Building: Windsor Hotel
Room: Acacia Tent
Date: 2015-09-30 11:15 AM – 11:30 AM
Last modified: 2015-09-23

Abstract


The Convention on Biological Diversity (CBD) adopted a consolidated update (X/17 https://www.cbd.int/decision/cop/?id=12283) of the Global Strategy for Plant Conservation (GSPC) for the decade 2011–2020 at its 10th Conference of the Parties held in Nagoya, Japan in October 2010. The updated GSPC includes five objectives and 16 targets to be achieved by 2020. Target 1 ambitiously aims to complete “an online flora of all known plants” by 2020. A widely accessible flora of all known plant species is a fundamental requirement for plant conservation and provides a baseline for the achievement and monitoring of other targets of the Strategy. The previous (GSPC 2010) target 1 aimed to develop “a widely accessible working list of known plant species as a step towards a complete world flora,” and this target was achieved at the end of 2010, as The Plant List (http://www.theplantlist.org). Drawing from the knowledge gained in producing The Plant List, a project to create an online world flora of all known plant species is now underway.

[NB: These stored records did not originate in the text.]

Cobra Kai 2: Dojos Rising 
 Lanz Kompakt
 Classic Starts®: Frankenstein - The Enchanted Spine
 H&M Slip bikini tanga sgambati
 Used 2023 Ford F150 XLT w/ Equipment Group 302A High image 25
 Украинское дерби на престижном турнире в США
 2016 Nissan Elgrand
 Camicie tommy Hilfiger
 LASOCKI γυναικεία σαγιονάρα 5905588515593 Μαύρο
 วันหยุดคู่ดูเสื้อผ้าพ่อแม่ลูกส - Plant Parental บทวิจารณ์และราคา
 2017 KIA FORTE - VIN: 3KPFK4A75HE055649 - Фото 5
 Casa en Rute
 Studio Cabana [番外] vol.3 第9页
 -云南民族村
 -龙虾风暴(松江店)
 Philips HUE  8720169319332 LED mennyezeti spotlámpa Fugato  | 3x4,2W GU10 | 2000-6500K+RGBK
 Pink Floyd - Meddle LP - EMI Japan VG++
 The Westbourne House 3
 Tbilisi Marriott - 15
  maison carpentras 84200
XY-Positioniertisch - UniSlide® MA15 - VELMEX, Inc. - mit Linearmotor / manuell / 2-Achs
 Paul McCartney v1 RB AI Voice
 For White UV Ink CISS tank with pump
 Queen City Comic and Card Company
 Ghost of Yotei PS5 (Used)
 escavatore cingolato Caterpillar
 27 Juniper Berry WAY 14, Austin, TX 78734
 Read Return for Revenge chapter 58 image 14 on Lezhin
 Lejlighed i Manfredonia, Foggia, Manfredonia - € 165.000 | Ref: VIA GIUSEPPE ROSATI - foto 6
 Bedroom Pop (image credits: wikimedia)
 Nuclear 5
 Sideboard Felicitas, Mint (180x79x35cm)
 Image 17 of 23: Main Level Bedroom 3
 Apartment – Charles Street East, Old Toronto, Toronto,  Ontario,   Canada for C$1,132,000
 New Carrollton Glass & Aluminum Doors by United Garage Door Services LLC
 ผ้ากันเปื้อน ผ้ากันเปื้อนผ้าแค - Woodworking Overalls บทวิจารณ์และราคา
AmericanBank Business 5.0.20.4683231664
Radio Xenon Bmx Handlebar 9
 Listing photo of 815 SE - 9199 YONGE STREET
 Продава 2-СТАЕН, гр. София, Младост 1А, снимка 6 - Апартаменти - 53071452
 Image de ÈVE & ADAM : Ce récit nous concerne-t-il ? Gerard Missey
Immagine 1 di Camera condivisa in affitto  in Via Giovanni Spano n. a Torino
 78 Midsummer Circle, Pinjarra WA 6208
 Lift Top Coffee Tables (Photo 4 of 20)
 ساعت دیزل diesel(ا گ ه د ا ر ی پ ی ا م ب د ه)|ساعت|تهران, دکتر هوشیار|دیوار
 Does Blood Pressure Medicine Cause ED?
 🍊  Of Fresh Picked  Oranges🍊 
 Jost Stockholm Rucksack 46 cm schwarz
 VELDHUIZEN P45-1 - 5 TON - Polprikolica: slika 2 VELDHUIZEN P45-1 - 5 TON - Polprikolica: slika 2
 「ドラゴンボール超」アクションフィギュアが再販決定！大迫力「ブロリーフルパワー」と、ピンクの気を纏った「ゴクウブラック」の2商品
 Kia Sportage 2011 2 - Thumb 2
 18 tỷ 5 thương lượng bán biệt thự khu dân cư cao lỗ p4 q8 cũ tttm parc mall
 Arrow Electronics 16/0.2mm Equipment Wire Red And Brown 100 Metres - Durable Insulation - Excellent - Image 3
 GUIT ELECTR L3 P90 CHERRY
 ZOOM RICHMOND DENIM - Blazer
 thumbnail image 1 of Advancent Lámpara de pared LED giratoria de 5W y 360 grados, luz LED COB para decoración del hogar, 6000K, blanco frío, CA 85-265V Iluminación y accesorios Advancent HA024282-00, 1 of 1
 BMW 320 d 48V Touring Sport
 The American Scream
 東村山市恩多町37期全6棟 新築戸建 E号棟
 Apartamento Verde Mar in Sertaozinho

A World Flora Online (WFO) Council has been formed with twenty-nine participating institutions worldwide and supporting Technical and Taxonomic Working Groups, who are diligently working to achieve the 2020 target. The WFO Council and Working Groups last met in January 2015 in Geneva, Switzerland. An information portal is online at http://www.worldfloraonline.org. A public portal is now in development built upon the e-Monocot.com software platform developed by Oxford, Kew and the Natural History Museum. A demonstration portal containing sample data is planned to be available in October 2015. The demonstration portal will accommodate regional floristic information (at national or lower level), synonymy, images, descriptions, country-level distribution, conservation status, and vernacular names. Future enhancements are planned to include alternate taxonomic hierarchies and synonymy with sources; habit and habitat data; identification tools, principally interactive keys; phylogeny; and other enhancements as practicable. This presentation will describe the vision, progress to date and plans for this new and significant global project.